EXERCISE DIRECTIONS: Copy exactly the line containing "this 640×480 image." and all the lines that follow it to the end of the records, minus the pictures.

DATA:
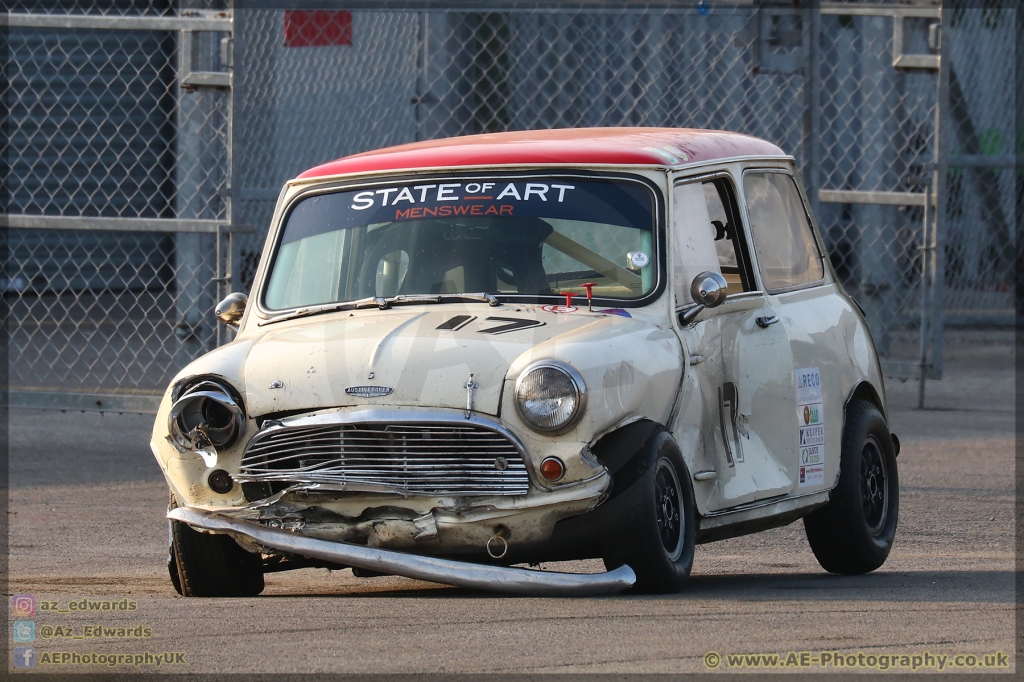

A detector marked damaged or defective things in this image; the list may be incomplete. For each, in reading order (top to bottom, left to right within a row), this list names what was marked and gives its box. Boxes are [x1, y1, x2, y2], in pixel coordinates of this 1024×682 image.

broken headlight [171, 376, 246, 450]
missing headlight lens [171, 376, 246, 450]
missing headlight lens [512, 360, 585, 430]
broken headlight [512, 358, 585, 432]
bent front bumper [167, 503, 630, 593]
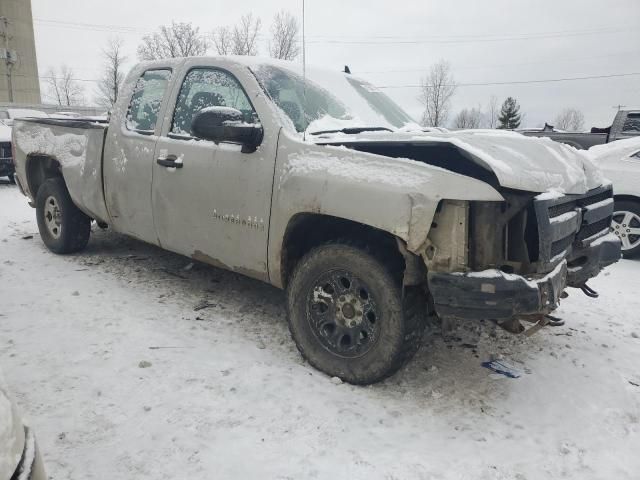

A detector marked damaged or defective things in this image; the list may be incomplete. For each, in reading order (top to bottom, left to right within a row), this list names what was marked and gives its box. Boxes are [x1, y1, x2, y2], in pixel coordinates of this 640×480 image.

crushed hood [316, 129, 604, 195]
damaged chevrolet silverado [10, 57, 620, 382]
crumpled front bumper [428, 260, 568, 320]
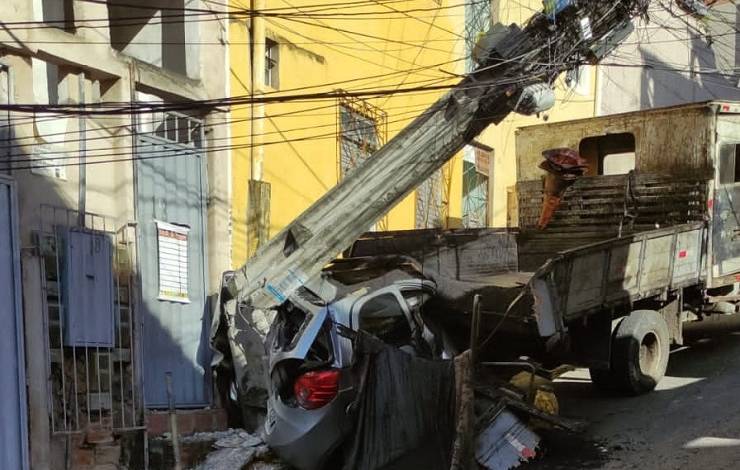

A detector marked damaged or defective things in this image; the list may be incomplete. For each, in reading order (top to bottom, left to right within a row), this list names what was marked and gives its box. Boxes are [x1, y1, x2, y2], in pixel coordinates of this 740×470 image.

rusty truck body [348, 101, 740, 394]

OUTPUT FOR THIS EXERCISE:
A detector marked damaged or defective things in this image; the list may be incomplete. For each, in reading order (top to bottom, left to right within a row), this list names what was marked and gives its box. Boxes are [x1, y1, x2, y2], in pixel coordinates of this 640×480 image.

crushed hood [316, 129, 604, 195]
damaged chevrolet silverado [10, 57, 620, 382]
crumpled front bumper [428, 260, 568, 320]

A detector marked damaged or defective things in this image; the list may be incomplete. For each, in reading order (top to bottom, left to right within a row), this list names what was marked and gives its box. Boxes are [x1, y1, x2, y2], in pixel coordinates of this 740×470 image.

rusty truck body [348, 101, 740, 394]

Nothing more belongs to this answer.